W3C home > Mailing lists > Public > www-html@w3.org > February 2000

Re: alt element (was: naming custom/extended tags)

From: Arjun Ray <aray@q2.net>
Date: Mon, 14 Feb 2000 14:49:30 -0500 (EST)
To: www-html@w3.org
Message-ID: <Pine.LNX.4.10.10002141223340.32075-100000@mail.q2.net>

On Mon, 14 Feb 2000 JOrendorff@ixl.com wrote:

> 'htign' does one job; 

It's part of a set, actually.  I was trying to cover only the simpler
cases for now.  I suppose I'll have to explain the whole scheme...

> 'alt' would do that job and a little more, and I think it would
> solve a few other minor problems.  The choice between 'htign' and
> 'alt' is, imho, one of complexity:  is 'alt' too complex for UAs
> to implement?

That would depend on whether the spec for ALT were detailed enough to
give an implementor a clear idea of what it calls for - which most of
the time means covering case scenarios comprehensively.

> An <alt> element wouldn't be any more "factitious" than, say,
> <noframes> or the use of <object>'s children as alternate content.

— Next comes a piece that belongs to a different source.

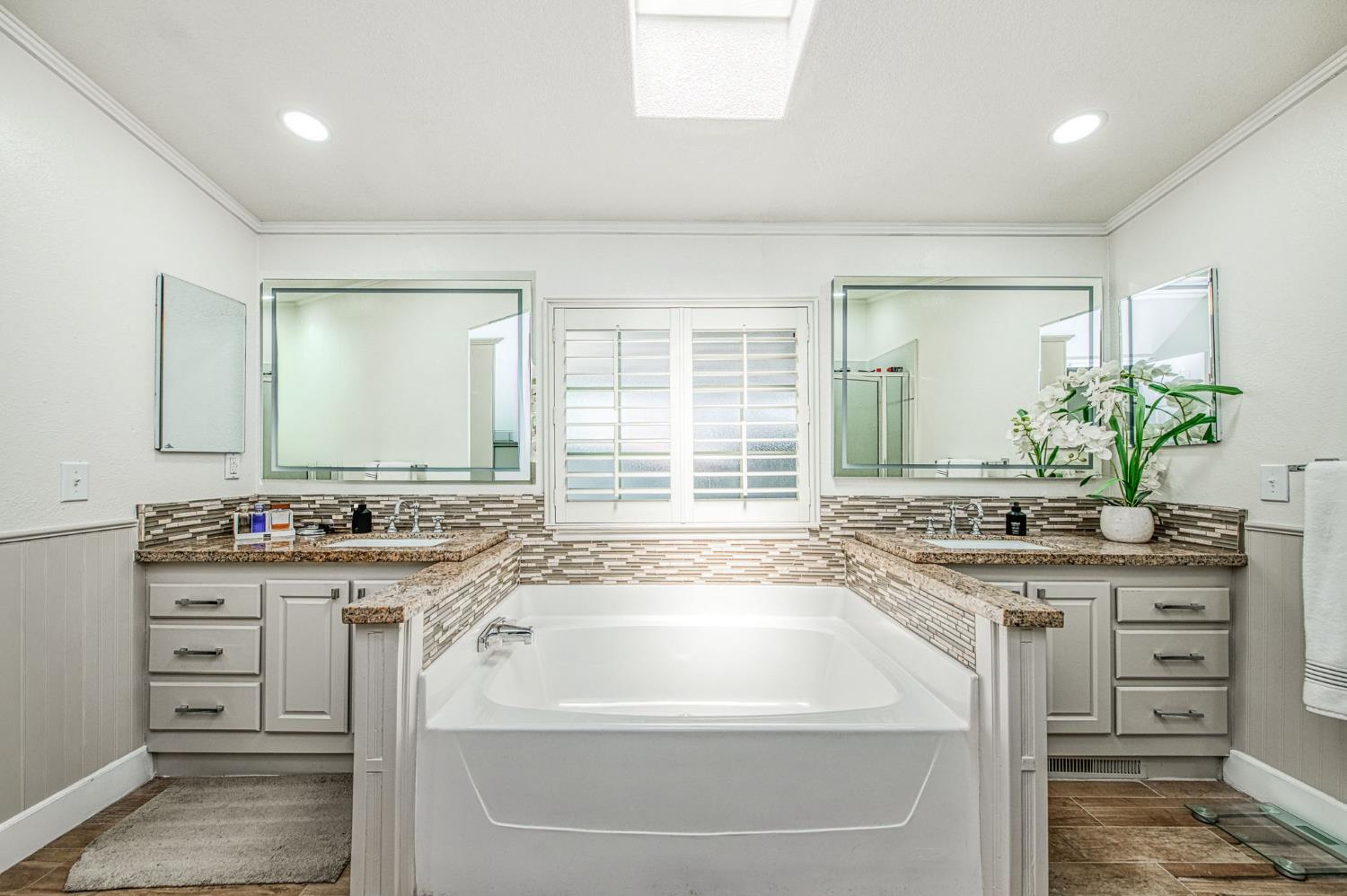 2706 W Ashlan Ave #331, Fresno, CA 93705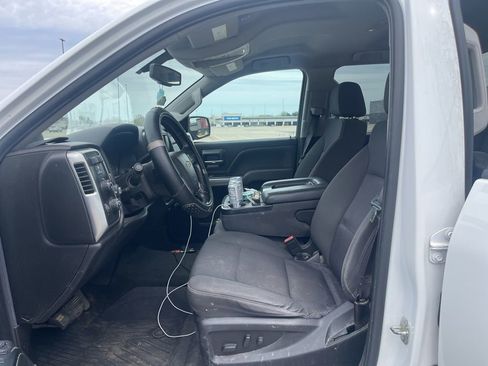 Used 2018 Chevrolet Silverado 1500 LT w/ All Star Edition AWD/4WD image 12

<noframes> is problematic.  In the "Netscape sense", it *is*
factitious and redundant.  In the "Explorer sense", it serves a
definite and arguably useful purpose.  <object> has problems besides
those associated with the alternate content semantic.  (I don't
consider either of these elements particularly useful as presently
"defined", but I'm not sure I would call them factitious per se.
I'll accept a good argument, though:))

> 'alt' would provide a way for the author to tell the UA what to
> use and what to ignore when it finds an unsupported tag.

And therein lie the problems.  At the point where the starttag of an
unsupported element is encountered, how much lookahead should be
planned for in search of its corresponding <alt>?  When there's more
than one such unsupported thingy on the open element stack, how should
the implementor figure out which <alt> "belongs" to which unsupported
element?  Even if he does manage to figure that out without indefinite
lookahead, what if the various alts call for incompatible treatments?
Note that for N open unsupported elements, the N alts can occur in
1.3.5...(2N-1) = (2N)!/(N!*2^N) different configurations.  Are you
sure the rules are robust with respect to this combinatorial maze?

Of course, all of this is happening because the <alt> is *separate*,
i.e. away from the critical decision point.  Attributes *on* the
starttag of an unsupported element don't have this problem.

There's the general case to consider: when multiple taxonomies are in
play.  Each taxonomy will need its own alt (because in general it
can't be assumed that one alt will cover all the taxonomies in which
the corresponding element is "unsupported".)  What's better, peppering
the hierarchy with <alts>, or keeping the hierarchy intact with
respect to this problem as a whole and using just attributes?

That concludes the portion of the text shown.